Those birds are indeed more than hard to come by.
The intrepit North American birder can either visit Alaska in late summer for Ross's and Newfoundland in winter for Ivory, or hope for an odd chance of seeing both birds as vagrants in the lower 48 at some stage in their life, however unlikely that may be.
European birders striving to catch a glimpse of either of these species face even tougher challenges: Ivory Gulls can be found breeding on the remote islands of Svalbard far to the North of northern Norway and may thus be seen during a visit to this (almost) remotest of Europe's corners, but there is no area where one may chance upon a Ross's with any rate of reliability. A few winters spent sea-watching on the Norwegian coast, on Iceland or the Shetland Island or along the harsh winter west coasts of the British Isles may lead to a certain probability for a vagrant record, but this is just about as good as it gets.
Then came this winter, and things changed.
First of all, this winter has seen a small influx of Ivory Gulls to northern Europe. Well, a handful (or slightly less) birds have been found scattered widely across the coasts of the continent, so an influx is a rather strong word, but due to the scarcity of records in other winters we'll just call this year's birds an influx and leave it at that.
Before you start wondering why I started this story in the first place, rest asured that I - of course - did not see any of those Ivory Gulls. In fact, I have not seen any Ivory Gulls at all, which is a shame. But this winter was so peculiar that I just have to point it out to North American readers who may not be aware of the implications it has on searching for the species.
So here we go ...
Despite the occurence of a few birds in the North of the continent, European birders were quite surprised when news came out from France of a bird found on the country's south-west coast, close to the border with Spain. Now, an Ivory Gull is an extremely unusual and rare bird even along the northern coast of France, but this far to the South, it is absolutely astounding. Here are some pictures of the bird.
But ... it even got better. A few days ago, a handful of Dutch birders sought shelter from the winter's miseries in their country and went to the arid landscapes of central Spain. And while scanning through the Mediterranean avian goodies of a lagoon complex south of Madrid, they chanced upon an adult ... now sit down, please ... Ross's Gull!

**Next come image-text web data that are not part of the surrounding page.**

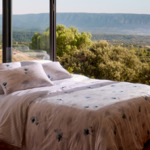 Lacoste - Drap housse en satin de coton lavé gris, L Shadow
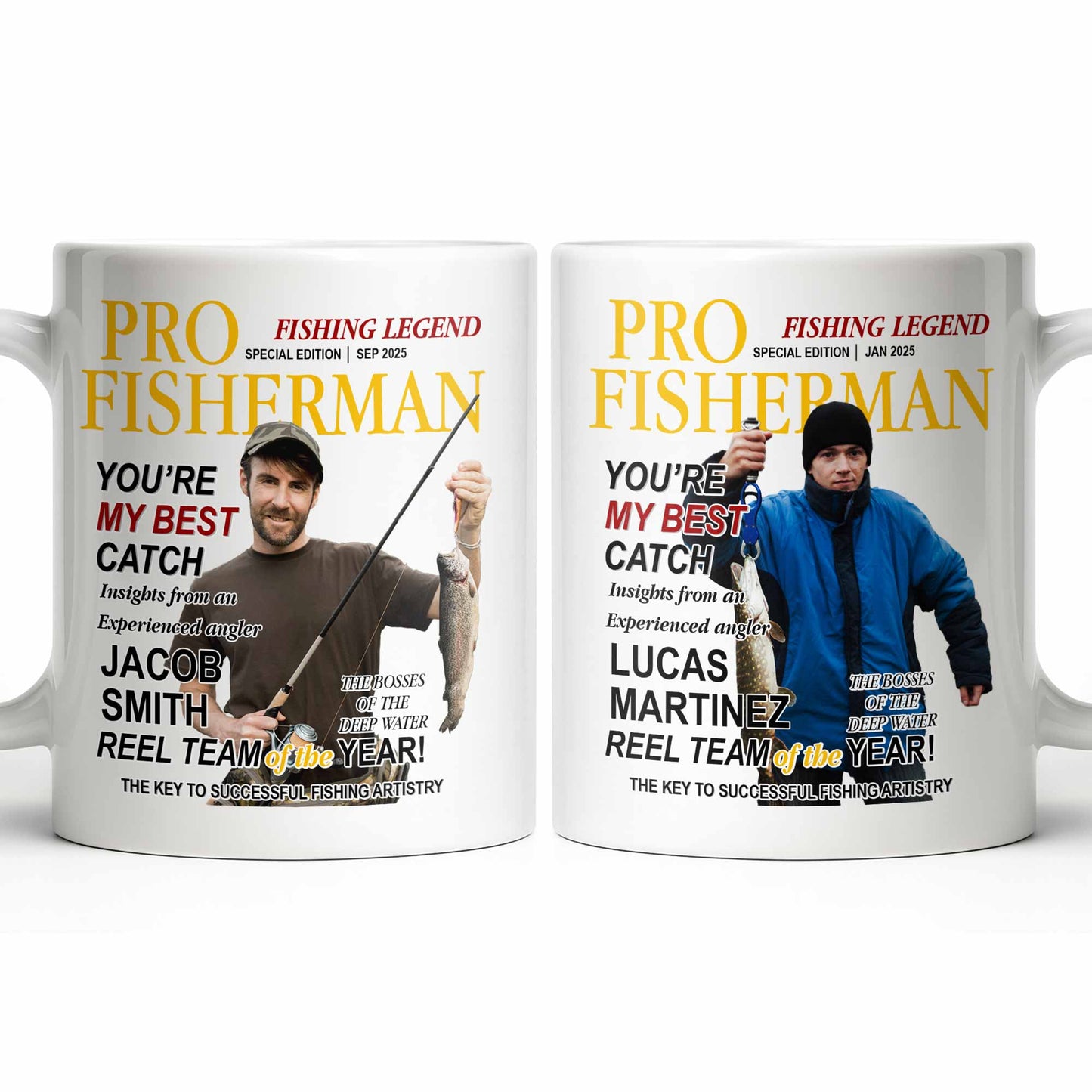 Pro Fisherman You're My Best Catch - Personalized Custom Coffee Mug - FISH022_MG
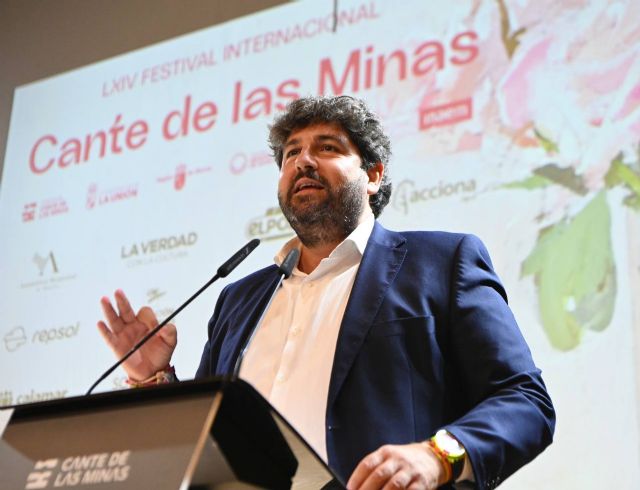 López Miras entrega el Castillete de Oro del Festival Internacional del Cante de las Minas a Vicente Vallés y Arde Bogotá - 4, Foto 4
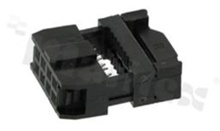 IDC connector; pitch 2.54mm; 8-contacts; female; for ribbon cable AWG#26-#28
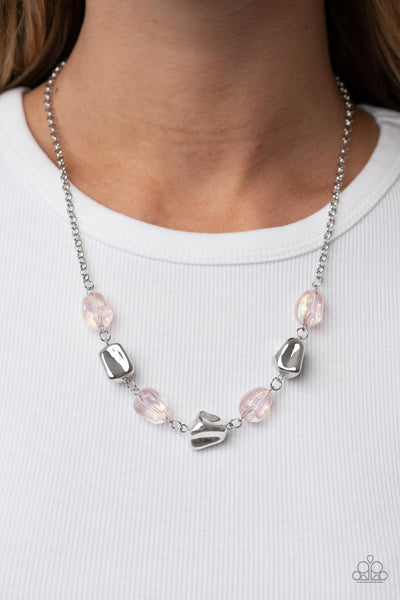 Paparazzi Inspirational Iridescence - Pink Necklace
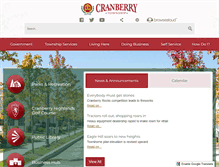Tablet Screenshot of cranberrytownship.org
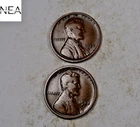 1920-D+1923-S Lincoln Wheat Cent Set/Lot ~ Fine/VF ~ 2 Coins ~ ZWL46
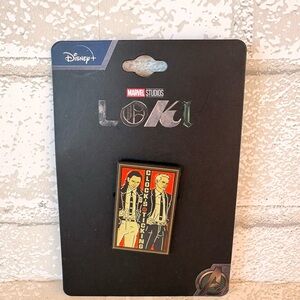 Marvel Loki Clock is Ticking TVA Collectible Enamel Lapel Pin NEW
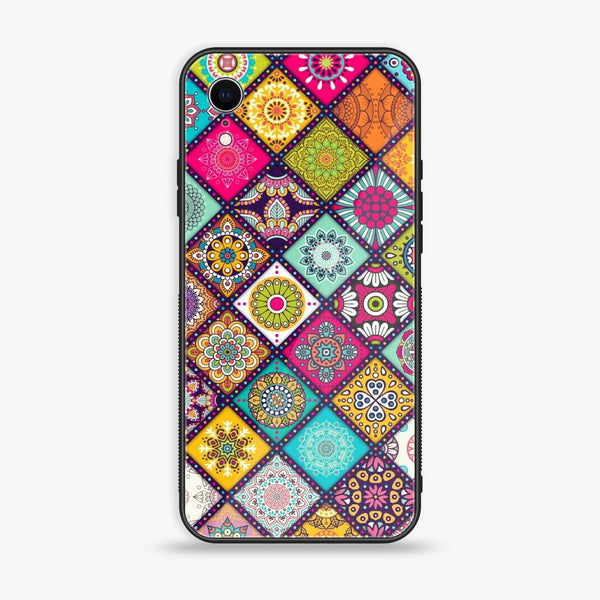 iPhone XR - Mandala Art Design - Premium Printed Glass soft Bumper Shock Proof Case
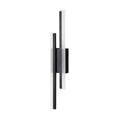 Gold double line wall lamp 500mm modern light fixture for hotel stairs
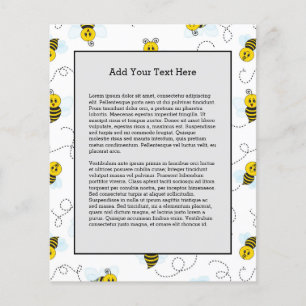 Prospectus 11,4 Cm X 14,2 Cm Bumblebee volant Jaune Noir Bumble Bee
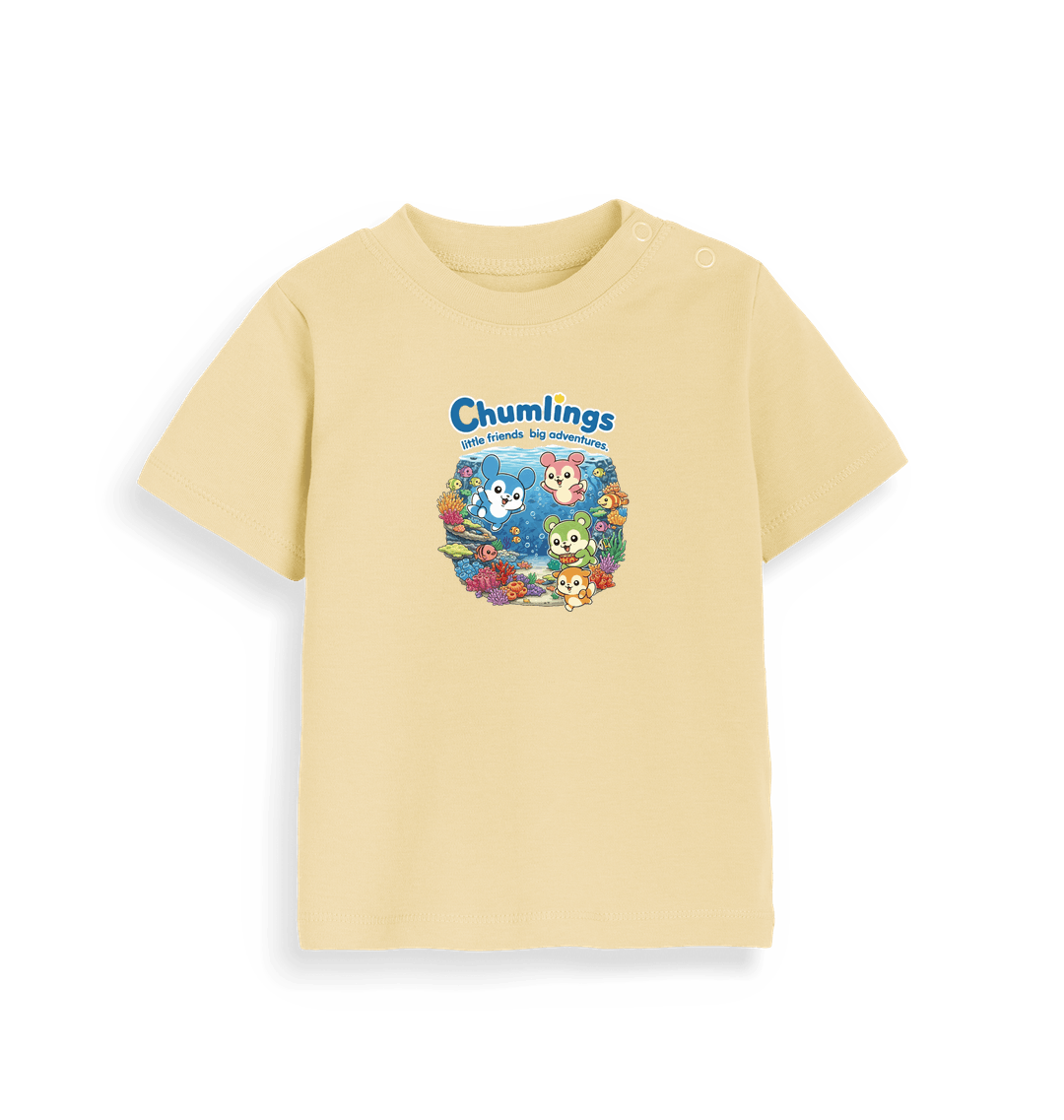 Soft Yellow Printed Kids T-Shirt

While the fact that this is only the third ever for Spain alone goes to show how unusual this record is, the additional facts that it is an adult bird and that it was found as far inland as a gull can go in Spain makes it just completely incredible.
Here is a video of the bird, which already is quite smething to see. But if you scroll down this gallery on surfbirds, you'll find a picture from February 21st 2009 of it swimming amongst a small group of Flamingoes, right below a picture of the Fench Ivory.
Have you ever seen a Ross's Gull together with Flamingos? I sure haven't. In fact, this is likely the most bizzare assembly of species I have ever seen on a single photograph.
Maybe I should sort of translate the whole incident to birding in North America, as most of my readers do the majority of their birding there and even though they are surely aware of Europe's geography, they might be less familiar with bird distributions on the East side of the Atlantic:
The magnitude of this incident is comparable to an Ivory Gull being found on the coasts of Georgia while an Alabama inland lake hosts a Ross's at the same time.
So there you have it. Kind of makes defining your target species for future birding trips a pretty difficult thing to do. But hey, we always knew gulls were full of surprises.